Sometimes regulatory changes that are meant to benefit investors end up taxing industry professionals. That does not appear to be the case with the Securities and Exchange Commission’s new requirements for Form ADV, Part 2.
On Wednesday the SEC decided to revamp the document’s format, doing away with fill-in-the blank questions organized in a check-the-box setup. Known as the “brochure”, Form ADV, Part 2 describes the firm’s investment strategies, business practices and advisor qualifications. All investment advisory firms that manage more than $25 million in assets file with the form with the SEC. (After financial reform laws are implemented, that threshold will go up to $100 million, in most cases.)
The new filing requirement will also ask advisors to present the information in a narrative way that aims to make it easier for the public to understand. There will be a table of contents, so that clients can find the information they want more readily, said Karen Barr, general counsel of the Washington, D.C.-based Investment Advisers Association.
New brochure supplements will have to be delivered to new and prospective clients to give resume-like information about the individuals at an investment advisory firm who will provide services to the clients.
“In its current form … the format frequently does not correspond well to an adviser’s business,” SEC Chairman Mary L. Schapiro said in opening remarks at the SEC’s open meeting on Wednesday. “In some cases, the required disclosure may not describe the adviser’s business or conflicts in a way that is truly accessible to the investor.”

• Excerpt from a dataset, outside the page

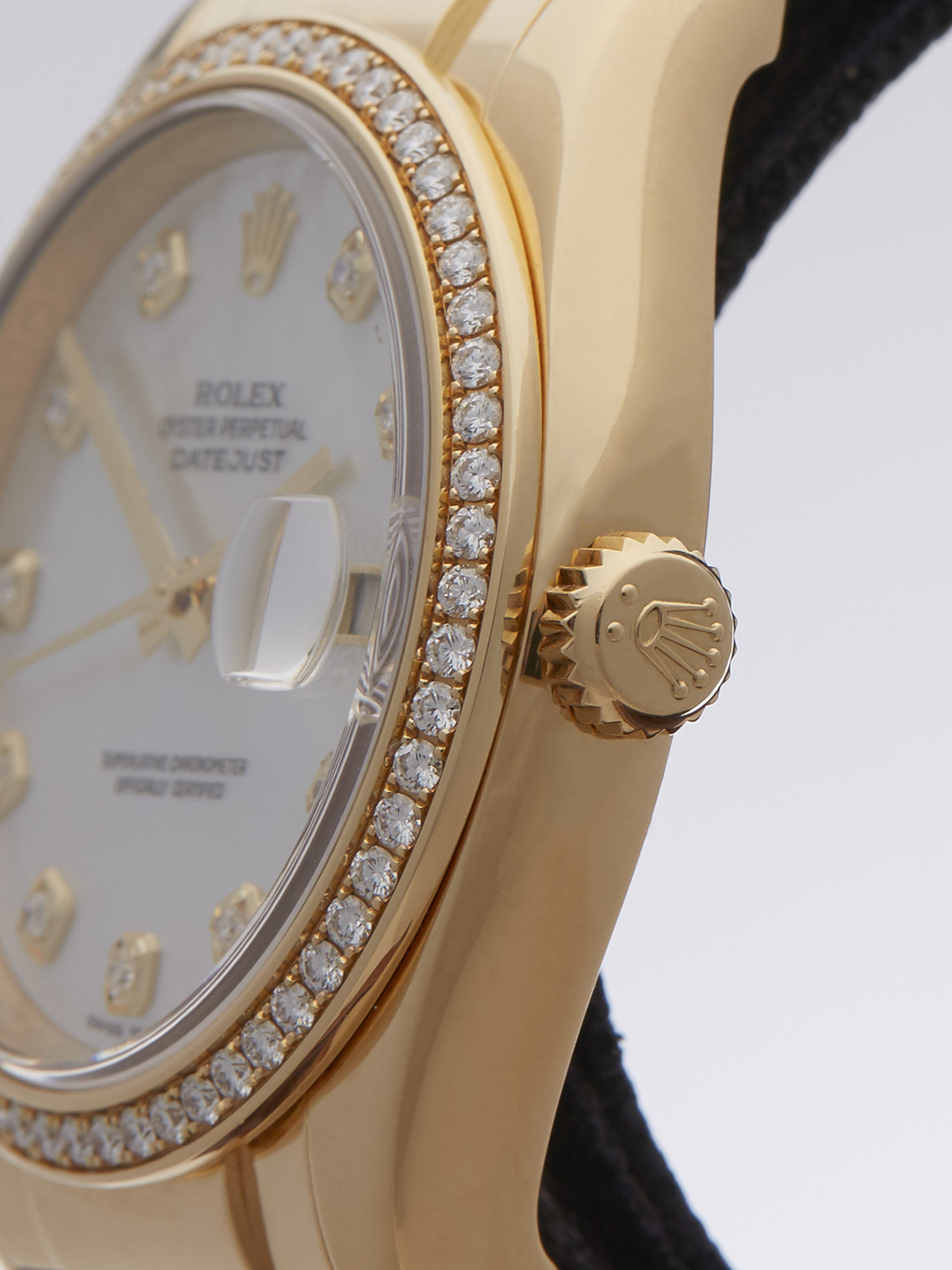 Rolex, Datejust - Image 4 of 9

The new requirements actually modernize the entire process for advisors, so they will eventually be more pleased with complying to the new format, Barr said. There may be some initial costs and burdens that come with the conversion, but once advisors get beyond that, they will probably like the new process. Advisors will be able to create the information on a common word processing document and convert it to a PDF. Then they will be able to log onto the Investment Adviser Registration Depository (IARD), the SEC’s electronic filing system, and attach the form to their filing.
Technically speaking, the form calls for expanded content. That includes descriptions of the advisory business, like the types of services offered; compensation practices; disclosures of performance-based fees and side-by-side management, methods of analysis, investment strategies, and risk of loss; disciplinary information; codes of ethics; and their brokerage practices.

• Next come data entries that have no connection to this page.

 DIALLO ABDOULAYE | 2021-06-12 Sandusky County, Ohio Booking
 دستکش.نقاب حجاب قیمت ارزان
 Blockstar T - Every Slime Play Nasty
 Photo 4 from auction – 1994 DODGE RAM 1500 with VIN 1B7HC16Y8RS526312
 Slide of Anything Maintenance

In a practical sense, though, advisors had already been providing that information, Barr said. “When advisors wanted to make disclosures about items that were not requested they did not fit right, so they were put in random places,” Barr said. “Now advisors can make the disclosures in a coherent fashion.”

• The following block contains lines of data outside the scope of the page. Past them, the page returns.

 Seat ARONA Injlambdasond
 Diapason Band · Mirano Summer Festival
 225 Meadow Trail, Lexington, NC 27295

Another potential benefit: the SEC wants the information to be presented in plain English, stripped of dense legalese. Barr noted that SEC Commissioner Elise Walter specifically asked advisors to go with the spirit of the amendments and not slough off the task of filing the new forms on their attorneys.
"We are pleased the SEC has finally acted on this important investor protection initiative," said Paul D. Glenn, the IAA's special counsel. "It is something that has been long coming and we look forward to the improvement of disclosure."